DATE: WEDNESDAY, August 9, 1995                   TAG: 9508090086
SECTION: BUSINESS                    PAGE: B-7   EDITION: METRO 
SOURCE: Associated Press
DATELINE: WASHINGTON                                LENGTH: Medium


U.S. PRODUCTIVITY RISES

Productivity in the American workplace increased at a 3 percent rate in April-June.

The Labor Department said Tuesday that seasonally adjusted nonfarm productivity gains in the second quarter improved on the revised 2.5 percent rate in the first three months, although it trailed the 4.3 percent gain in the fourth quarter of 1994.

``This is a very impressive performance for the quarter just ending,'' contended economist Stephen S. Roach of Morgan Stanley & Co. ``It continues to reflect the broad-based restructuring and re-engineering in the manufacturing and service industries.''

Roach noted that productivity gains were limited to about 1 percent during the 1970s and 1980s.

Productivity is defined as output per number of hours worked. It is a key measure of the nation's living standard and business competitiveness because increases mean companies are making their goods more efficiently and at lower costs.

But while workplace efficiency improved, workers themselves were not fully sharing in the gains.

Hourly compensation, when adjusted for inflation, advanced 0.2 percent, much slower than the 1 percent gain three months earlier. It was the smallest increase since compensation fell 0.8 percent in the third quarter of 1994.

Unit labor costs, a measure of inflation since they typically represent two-thirds of the cost of a product, edged up just 0.6 percent, much less than the 1.6 percent gain in the January-March period.

It was the smallest increase since costs fell 0.4 percent from October through December.

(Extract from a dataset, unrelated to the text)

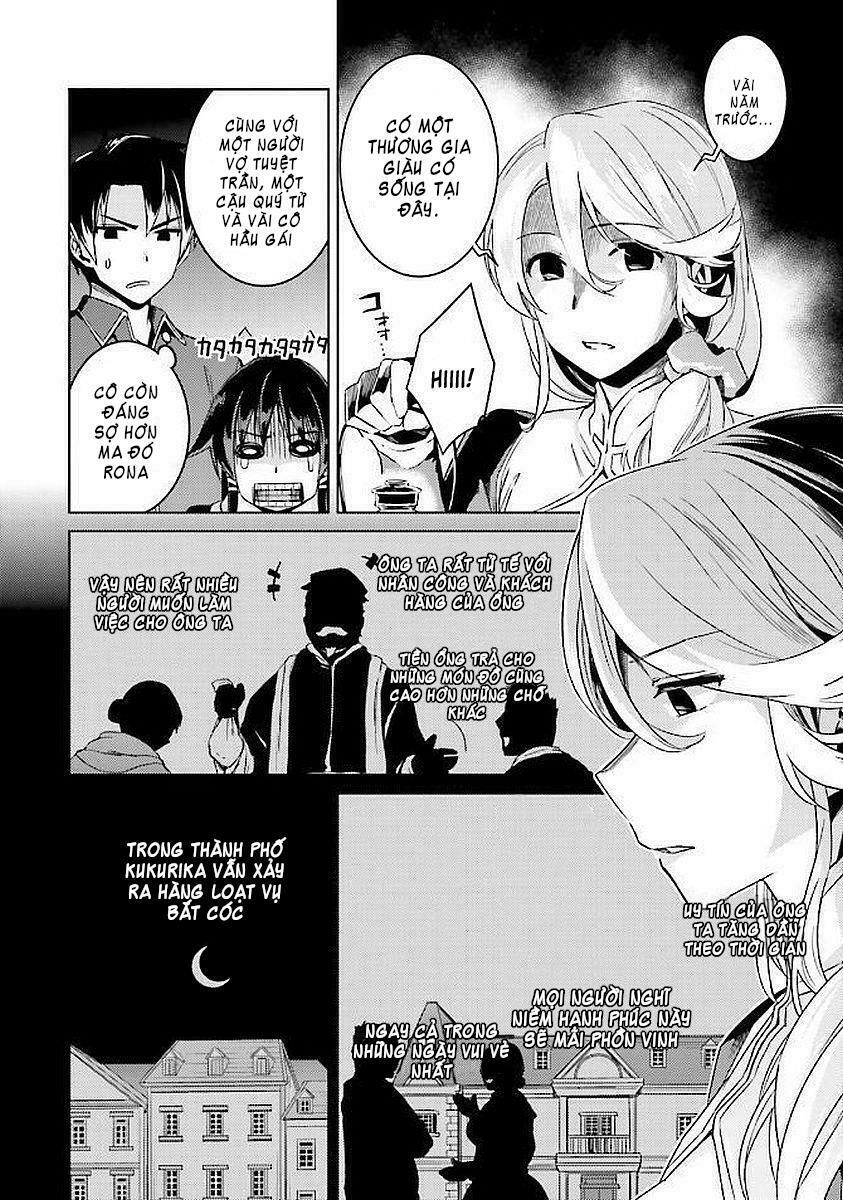 Nidome No Jinsei Wo Isekai De: Chapter 15: | Tasty Soul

Output rose 0.6 percent in the second quarter, down from a revised 4.5 percent in the first. The January-March output was estimated earlier to have shot up 4.7 percent.

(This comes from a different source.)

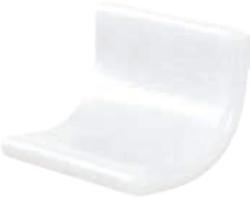 Betsan Glass Trims Cove 25x50 mm G3250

But total hours worked fell 2.4 percent, the largest drop since a 3.4 percent decline in the second quarter of 1980. Hours worked had risen 2 percent in the first quarter.

Manufacturing productivity slowed to a 2.1 percent gain in the second quarter after rising 3.5 percent in the first three months. Manufacturing represents about 20 percent of the U.S. business sector.

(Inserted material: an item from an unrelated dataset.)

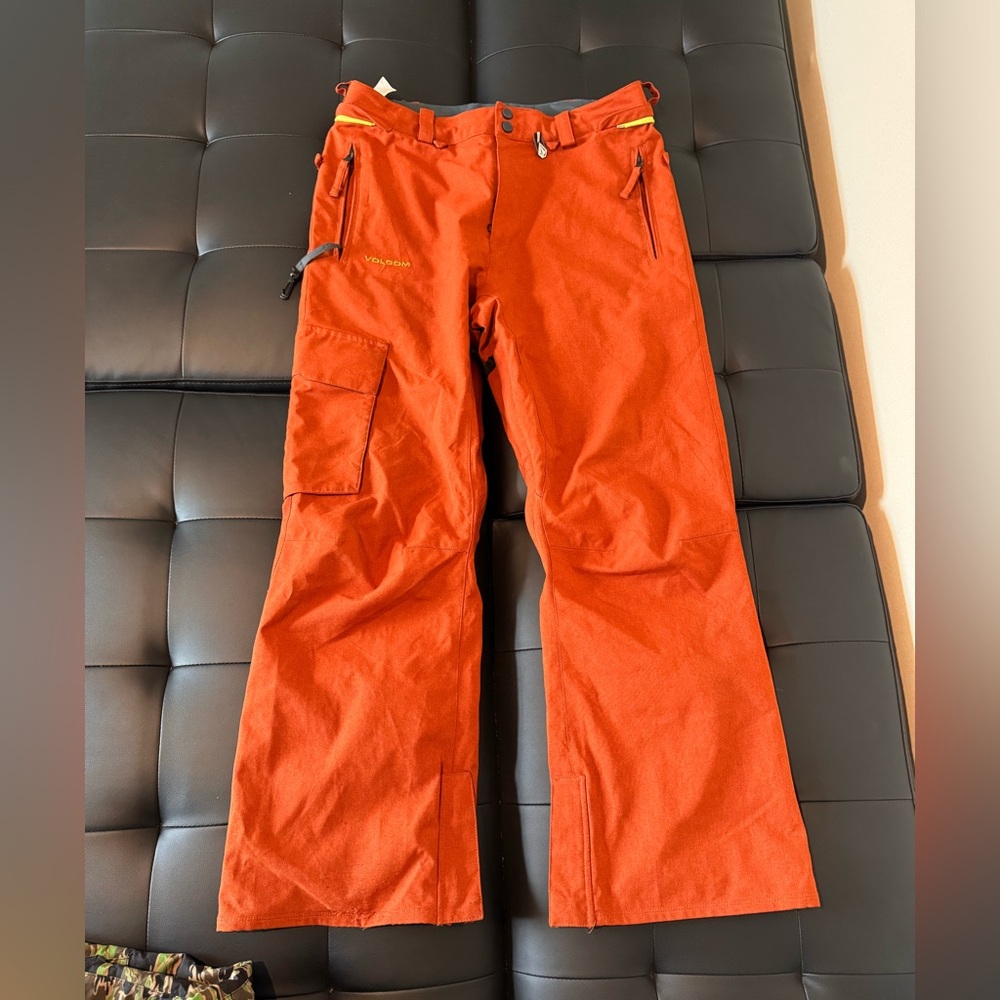 Snow pants Volcom Man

Productivity in the durable goods industry inched up 0.5 percent, compared with a 4.4 percent jump three months earlier. Economist Gordon Richards of the National Association of Manufacturers attributed the slower pace to a slump in demand for long-lasting products such as cars.

Productivity among nondurable goods manufacturers, on the other hand, shot up 4.5 percent compared with a 2.1 percent gain in the first quarter.

``Manufacturing productivity should pick up rapidly by the fourth quarter, when the inventory correction will be over and exports should be adding to demand,'' Richards predicted.